This project is developed for PubMed author name disambiguation. The name ambiguity problem can be understood that tow authors with same (similar) name in different citation are often ambiguous to tell from. Name ambiguity problem is serious in PubMed, because there are nearly 10,000 namespaces (last name and firs initial, also known as blocks) with size over 1,000 in PubMed as of 2019. This problem not only hinders the communication of valuable discoveries produced by others in biomedical field, but also restricts many downstream researches or applications, such as author-centric bibliometric analysis and expert identification.
The project is mainly implemented by Python 3.6, we used following packages.

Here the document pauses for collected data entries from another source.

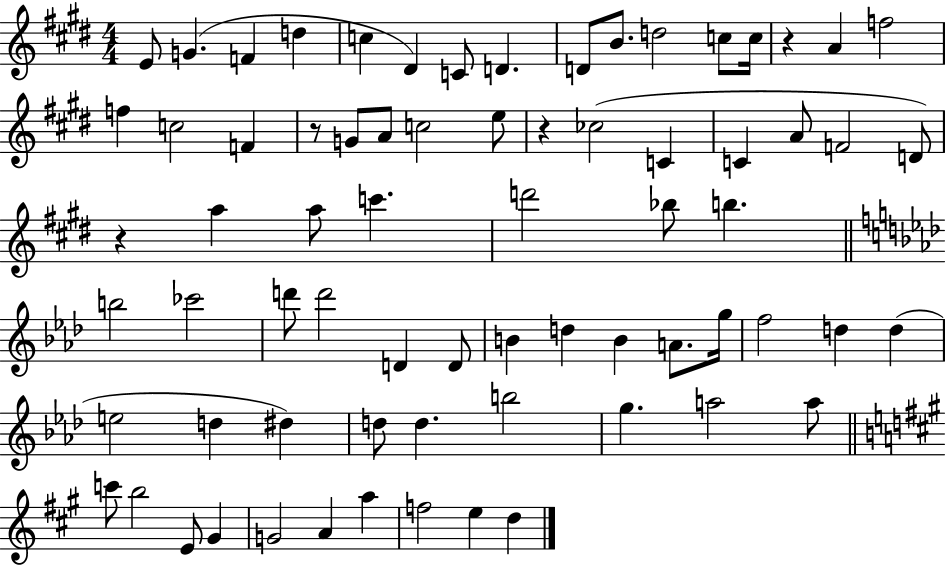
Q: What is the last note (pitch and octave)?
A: D5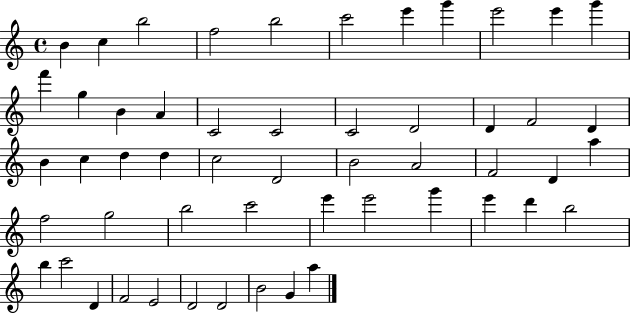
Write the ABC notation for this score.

X:1
T:Untitled
M:4/4
L:1/4
K:C
B c b2 f2 b2 c'2 e' g' e'2 e' g' f' g B A C2 C2 C2 D2 D F2 D B c d d c2 D2 B2 A2 F2 D a f2 g2 b2 c'2 e' e'2 g' e' d' b2 b c'2 D F2 E2 D2 D2 B2 G a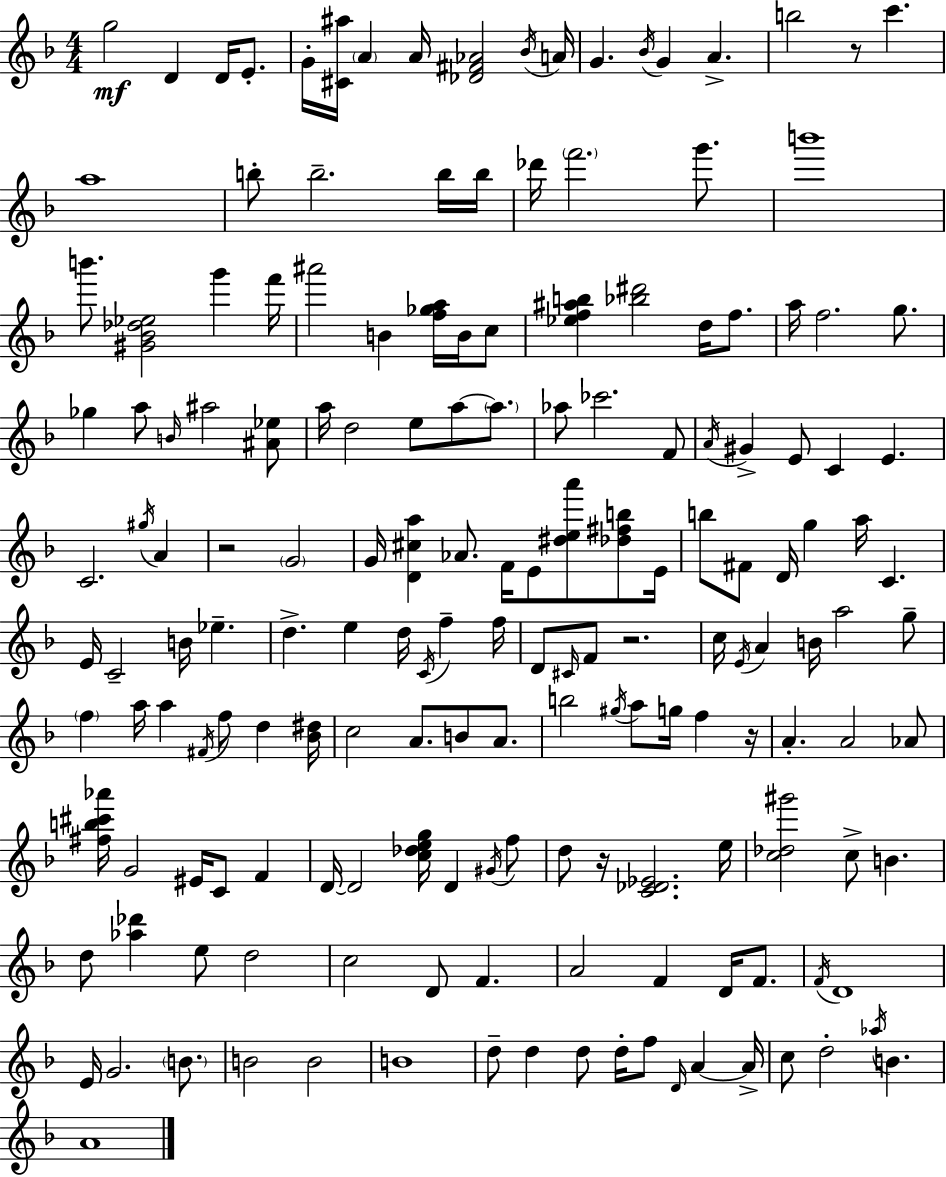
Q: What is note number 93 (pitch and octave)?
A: D5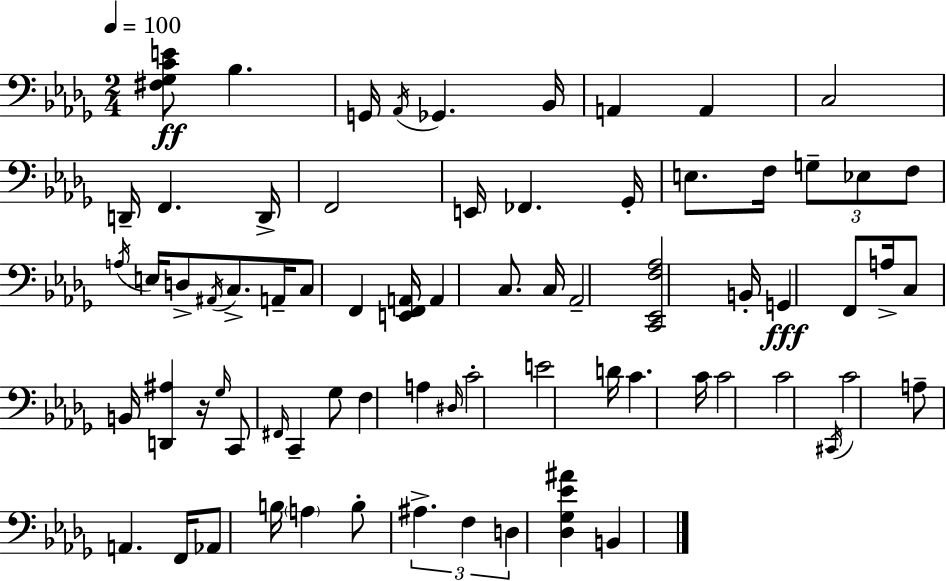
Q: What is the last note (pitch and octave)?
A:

- scipy, numpy, pandas, sklearn,
- clickhouse-driver==0.2.0
- geograpy3==0.1.24
- jaro-winkler==2.0.0
- python-Levenshtein==0.12.0
- nltk==3.5
The Python module can extracted most features in use, and develop disambiguation model using machine learning models, while for some features, extracting them from raw input has already implemented by other language, such as Java. Thus, to integrate these features, "Dependency-Feature" is a Java-based module, which can extract these dependent features. Note that "maui" in this folder, is a keyword-generation tool. "tc2011" can extract Journal Descriptors and Semantic Types for each PubMed citation. Besides, this module also detect geographic fields from author affiliation using NER technique, provided by "stanford-corenlp" (see dependencies in pom.xml).
The "database" folder contains a bunch of sql scripts, their names are self-explainable. These scripts aim to associate additional metadata from external databases for the gold standard datasets, thus, some steps including "database linkages", "metadata extraction", "author profile building" are implemented here.
The "resources" folder contains necessary resources during developing this project. The two validation datasets did not contain any other metadata apart from the author names, positions. To obtain more discriminative information, we developed a program to crawl from PubMed official site. The XML format citations for the datasets are included in "gs-dataset-articles" and "song-dataset-articles".